Antananarivo, 14 mai (ANTA) : Le grogne des Agents administratifs et des certaines catégories d’employés de l’Etat commencent à se faire sentir ces dernières semaines suite au retard dans lalégifération par voie d’ordonnance de la Loi des Finances Rectificatives (LFR) au titre de l’année 2019. L’écho de ces mécontentements est peut-être enfin parvenu aux oreilles de nos décideurs politiques, ce qui explique la sortie d’un communiqué officiel motivant le retard sur cette LFR.

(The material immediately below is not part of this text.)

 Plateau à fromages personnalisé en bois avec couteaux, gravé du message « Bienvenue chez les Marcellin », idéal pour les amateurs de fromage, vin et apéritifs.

Il en est alors communiquer que le retard est dû à des rudes examens minutieux de chaque rubrique et de budgets inscrits afin d’y exclure les mauvaises tendances répétitives ouvrant la voie aux gabegies financières.

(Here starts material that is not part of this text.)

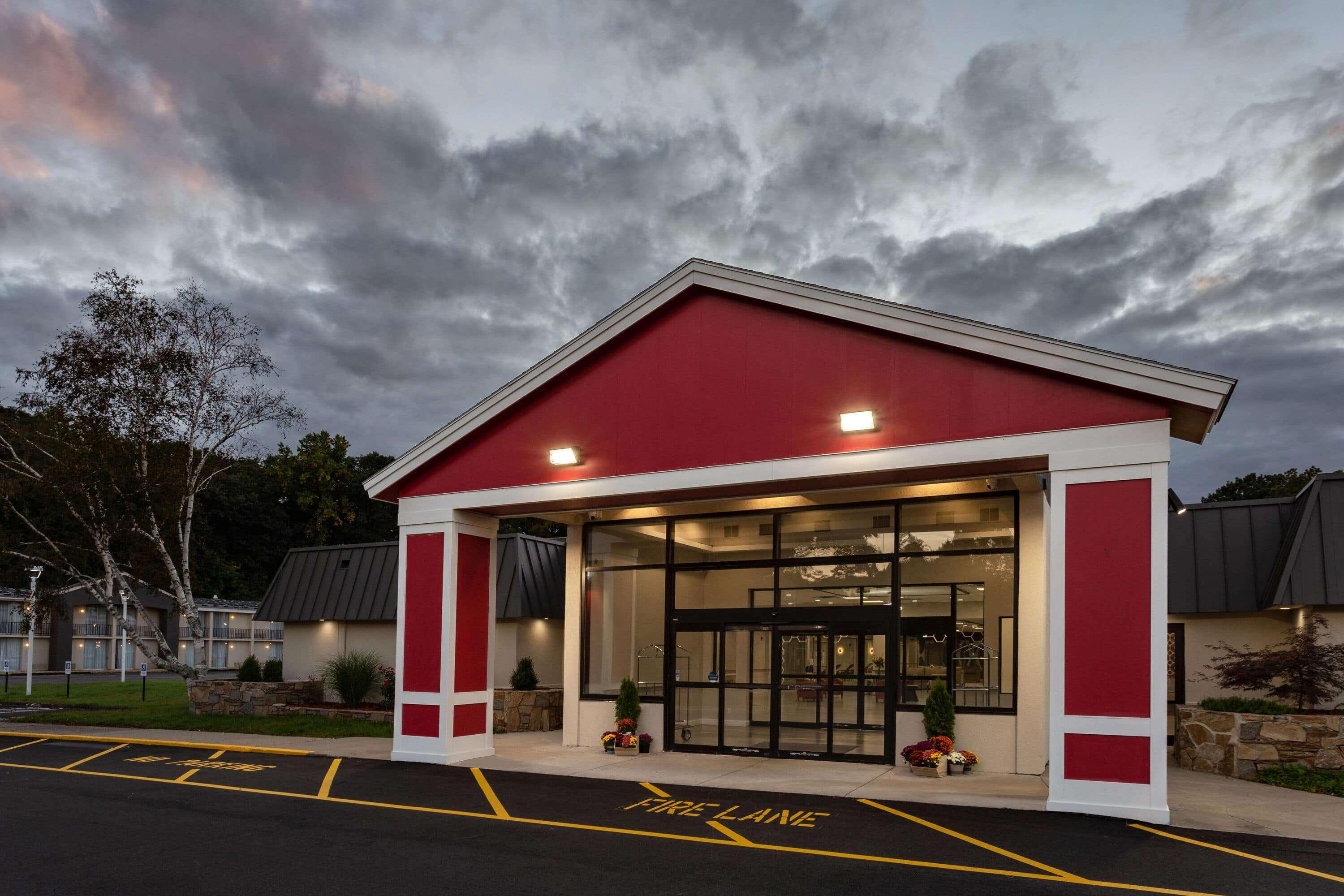 Vista Exterior Ramada by Wyndham Windsor Locks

Tout le monde sait qu’un retard dans la légifération de la loi des finances malagasy entraine substantiellement une grande lacune pour chaque département ministériel, notamment dans le fonctionnement.
Contrairement aux fonctionnaires qui sont payés à chaque fin du mois à travers le budget général, les retards dans la LFR constituent un véritable souffre-douleur pour certaines catégories d’agents de l’Etat à l’instar des employés ECD qui, faute de budget de subvention, ne sont pas payés à chaque fin du mois.
Toutefois, des faits courants tels que l’existence des reliquats de l’année précédente parmi quelques-uns des établissements publics ou quelques-unes des institutions permettent à cesderniers de payer leurs agents. Sauf que ces reliquats n’arrivent pas souvent à payerles charges salariales de ces agents au-delà du mois de mars.
Ne pas confondre vitesse et précipitation.
Malgré la connaissance de nos hauts décideurs de ces lacunes et des souffrances engendrées, ces derniers semblent vouloir mesurer les actions subséquentes puisqu’un arbitrage a été enfin entrepris depuis le 08 mai et s’est prolongé jusqu’au 13 mai 2019.
Selon le communiqué, cet arbitrage dans les budgets inscrits dans la loi des finances malagasy est conduit étroitement et conjointement par le Président de la République lui-même et le Premier ministre.
Il a été communiqué que les mauvaises pratiques dans l’inscription des budgets excédentaires inutiles ou inscrits volontairement pour pouvoir ouvrir une brèche à toutes sortes de manipulations et de détournements « légales », font désormais l’objet d’un contrôle strict et rigoureux dans la vraie « rectification » du LFR 2019.
Plus aucun dépassement non motivé n’est toléré, « les dépenses de fonctionnement totalement injustifiées inscrites de manières subtiles pour ne pas éveiller les soupçons sont réduites voire purement et simplement supprimées (…) ,ces dépenses ont toujours fait l’objet de grandes spéculations à des fins de détournement de deniers publics ».
Egalement, une véritable chasse aux possibilités de malversations a été ouverte et surtout épier « les dépenses exorbitantes inscrites dans les soit disant réhabilitation des bâtiments administratifs convertis en marchés fictifs s’opérant toujours sous couvert de ces prétendus travaux de réhabilitation alors qu’ils n’existaient même pas ».
C’est ainsi que « chaque dépense envisagée par chaque ministère est discutée une à une. Le Président et le Premier ministre exigent que chaque ministre en justifie la pertinence, notamment par rapport à la réalisation des velirano », car selon toujours le communiqué, « les dépenses permettant la concrétisation des velirano ont été priorisées ».